LibertyLink soybeans are fully approved for food, feed and cultivation in the United States and Canada. The ASA has been consulting closely with Bayer CropScience to ensure that regulatory approvals also are being sought in all major soy export markets that have biotech regulatory approval processes.

To date, LibertyLink soybeans are fully approved for importation into Australia, Japan, Mexico, New Zealand, Taiwan and South Africa, and for food use in Russia.

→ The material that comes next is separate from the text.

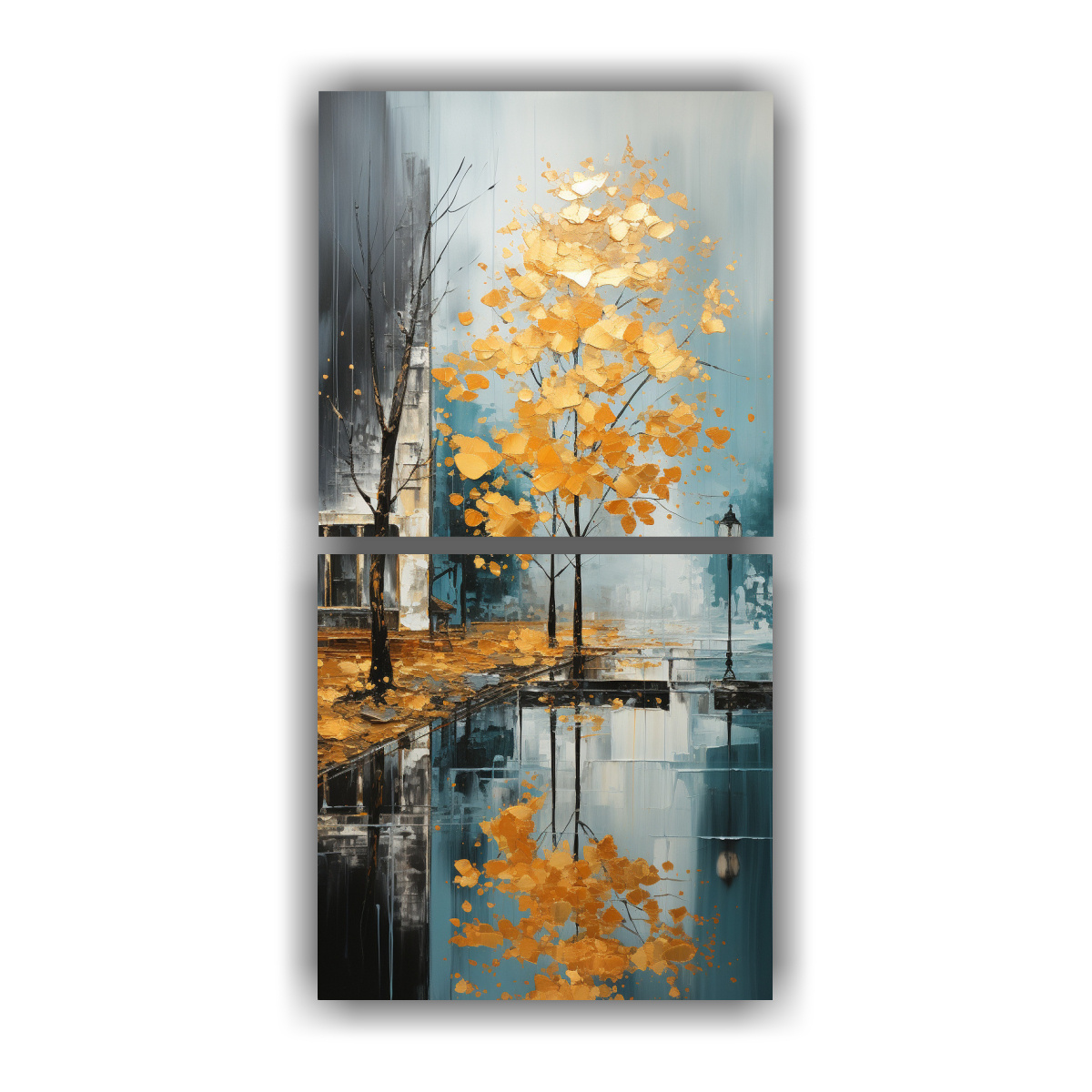 pinturas-decorativas-set-2-artes-hermoso-llamativo-de-rboles-en-plateado-y-dorado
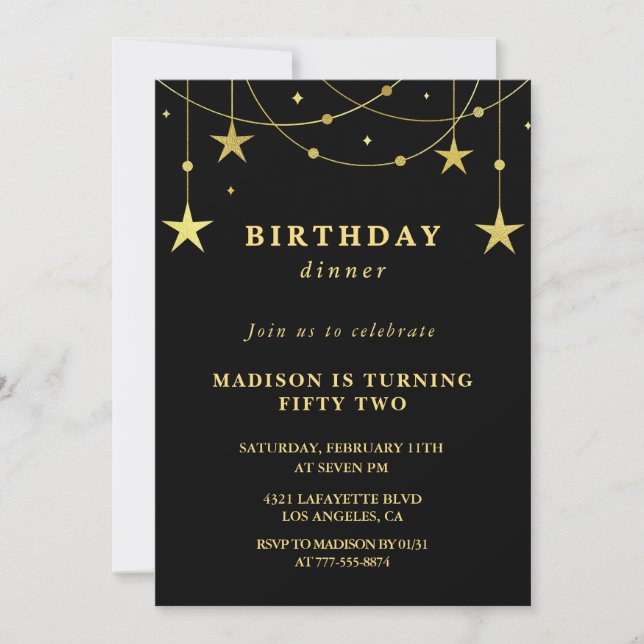 Black Gold 52e anniversaire invitations Stars (Devant)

Bayer CropScience expects to receive full import approvals in the EU, China and other key export countries prior to the planned commercialization in 2009. Until the required approvals are obtained, Bayer CropScience is implementing robust stewardship practices to ensure that all seed and grain produced during seed increase activities is contained and controlled until the targeted commercial launch of the product in 2009.

"Timely overseas regulatory approvals are critical because growers around the world have rapidly adopted new biotech-enhanced seed varieties as they became available," Hoffman said. "U.S. growers look forward to this and several other new biotech-enhanced soybean varieties now under development that will offer important benefits to consumers, growers, and the environment, ranging from healthy oil profiles to increased yields to better weed control."

ASA is the policy advocate and collective voice of its 24,000 producer-members on domestic and international issues of importance to all U.S. soybean farmers.